About a year and a half ago my friend beckoned me to come over to his apartment- he had to show me something. I walked into the door, and was instantly blinded by an array of wondrous colors. The combinations of colors stunned me for a few moments before I was able to regain my eyesight. When my pupils readjusted themselves, I realized I was in the presence of the greatest array of Hawaiian shirts that had ever been assembled this side of the hemisphere. I stumbled around in awe of what I saw. My buddy Kyler told me how he attained over 50 Hawaiian shirts that day.

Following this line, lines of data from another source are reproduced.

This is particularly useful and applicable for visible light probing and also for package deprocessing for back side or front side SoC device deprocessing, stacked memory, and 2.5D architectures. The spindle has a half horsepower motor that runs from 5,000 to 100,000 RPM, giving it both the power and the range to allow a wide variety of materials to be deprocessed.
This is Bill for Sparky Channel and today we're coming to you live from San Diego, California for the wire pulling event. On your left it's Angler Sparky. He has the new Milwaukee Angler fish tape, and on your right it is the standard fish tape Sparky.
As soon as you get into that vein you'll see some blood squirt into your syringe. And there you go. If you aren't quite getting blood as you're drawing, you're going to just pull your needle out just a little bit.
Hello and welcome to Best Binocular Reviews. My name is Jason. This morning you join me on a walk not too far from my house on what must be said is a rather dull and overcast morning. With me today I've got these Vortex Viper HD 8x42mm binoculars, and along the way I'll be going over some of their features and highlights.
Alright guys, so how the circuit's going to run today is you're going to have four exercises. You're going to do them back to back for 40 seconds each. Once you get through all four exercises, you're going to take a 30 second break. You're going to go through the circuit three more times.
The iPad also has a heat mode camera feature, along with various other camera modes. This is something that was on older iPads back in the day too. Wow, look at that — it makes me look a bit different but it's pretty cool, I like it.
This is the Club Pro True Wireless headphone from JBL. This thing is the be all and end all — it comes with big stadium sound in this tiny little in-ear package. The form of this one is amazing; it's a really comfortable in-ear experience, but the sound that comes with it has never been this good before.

A mutual friend of ours had all of them stuffed into his trunk for a while, and when he saw Kyler he asked if he wanted to buy the lot for 25 bucks. Kyler, being a man of opportunity, jumped on the deal and brought them home. I begged him to let me take three home if he would be so kind. He silently nodded with a sense of pride knowing he was a part of a significant change of course in my life. I scoured the floor where they were strewn, and found the three loves of my life. I clutched them as a mother would with her newborn baby, and drove well over the speed limit home to show my wife what I had gotten. Little did I know that would start a spiral that some say is downward, and others say is an upward trajectory that shall never come down.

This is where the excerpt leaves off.